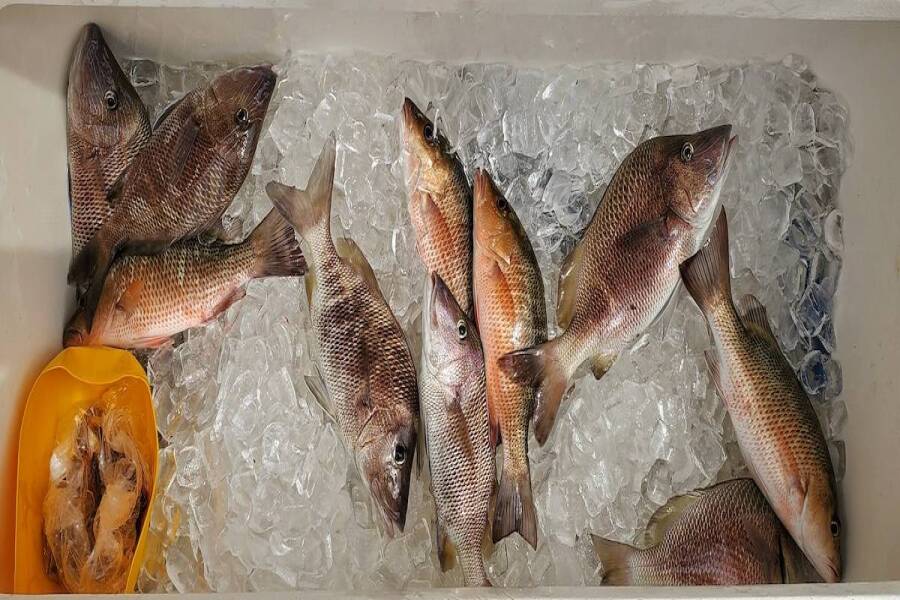 Mangrove Snapper on ice caught inshore near Homosassa Florida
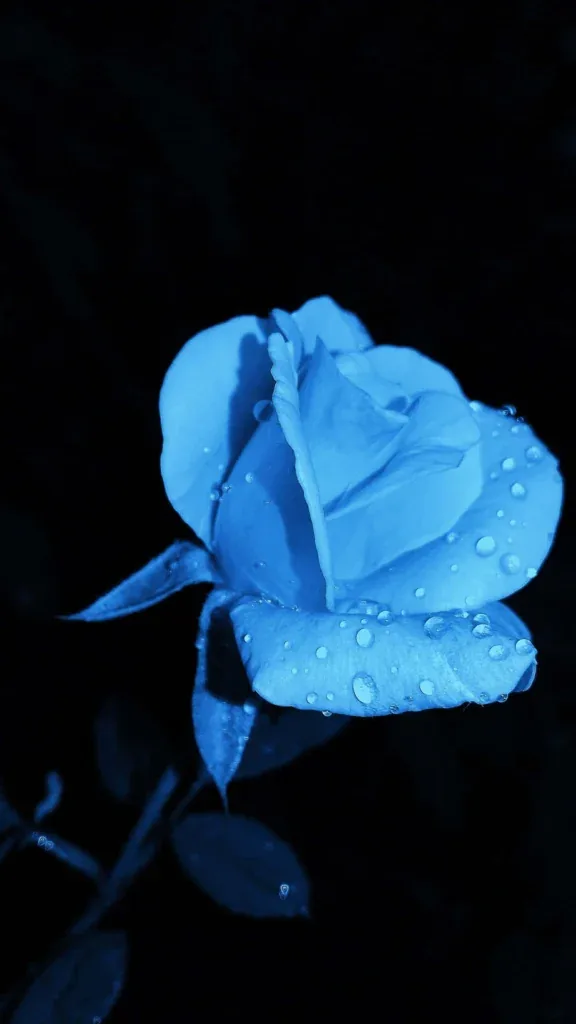 Flower PFP Blue
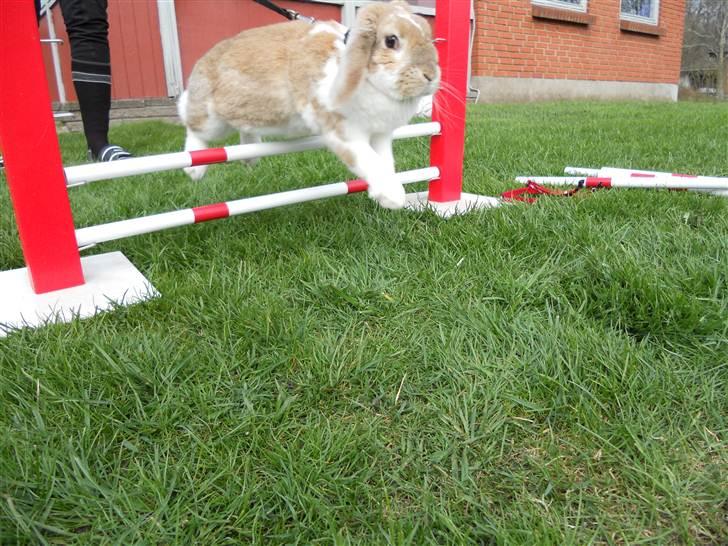 Kanin Pjuske<3 - Fordi sammen kan vi ALT! <3 billede 17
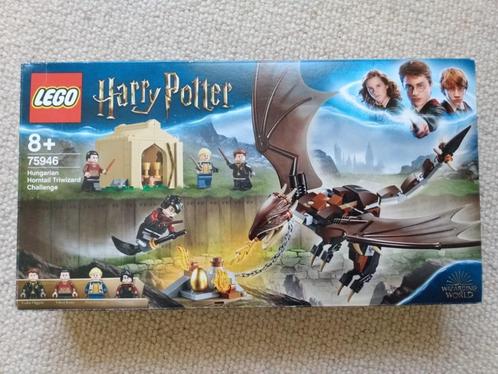 LEGO: Harry Potter en Draak, Verzamelen, Harry Potter, Zo goed als nieuw, Ophalen of Verzenden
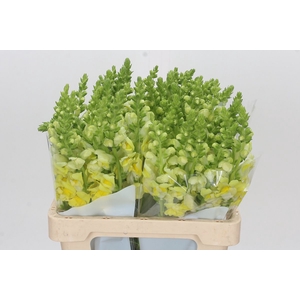 Antirrhinum Potomac Yellow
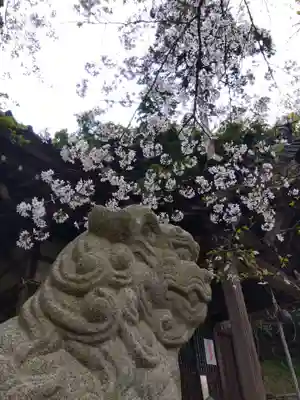 熊野神社(福井県)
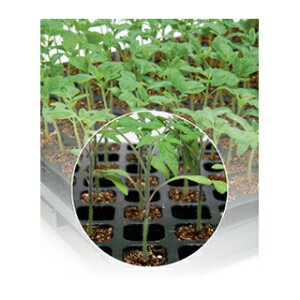 ؃g}g  y O[tH[X z ybg痱 ( ؃g}g̎ )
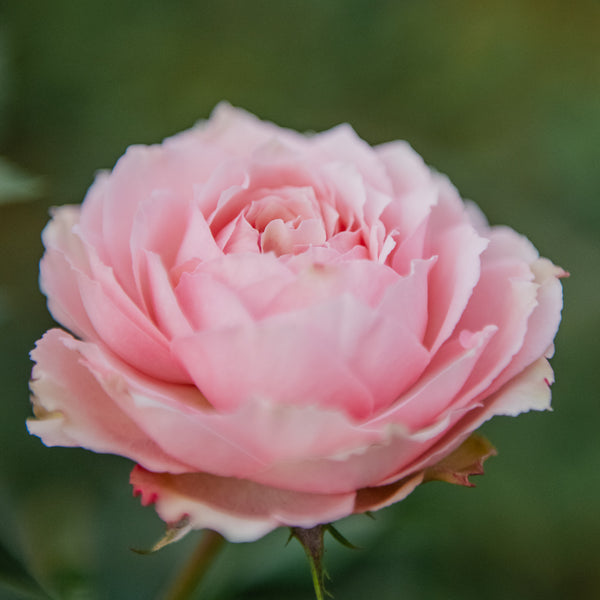 Petite Rose Box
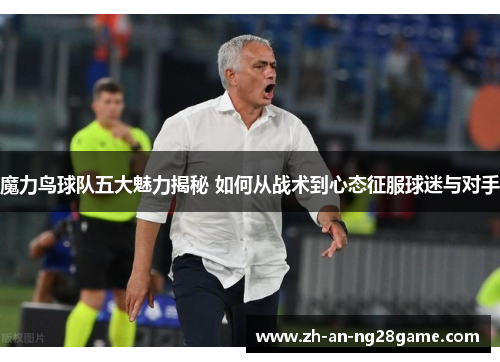 魔力鸟球队五大魅力揭秘 如何从战术到心态征服球迷与对手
◇ ◇ ◇ ◇ ◇ ◇ ◇
> _What needs to be done_
Each entry above is to be written out exactly. The pictures stay out.

> _Problem solution_
 Mangrove Snapper on ice caught inshore near Homosassa Florida
 Flower PFP Blue
 Kanin Pjuske<3 - Fordi sammen kan vi ALT! <3 billede 17
 LEGO: Harry Potter en Draak, Verzamelen, Harry Potter, Zo goed als nieuw, Ophalen of Verzenden
 Antirrhinum Potomac Yellow
 熊野神社(福井県)
 ؃g}g  y O[tH[X z ybg痱 ( ؃g}g̎ )
 Petite Rose Box
 魔力鸟球队五大魅力揭秘 如何从战术到心态征服球迷与对手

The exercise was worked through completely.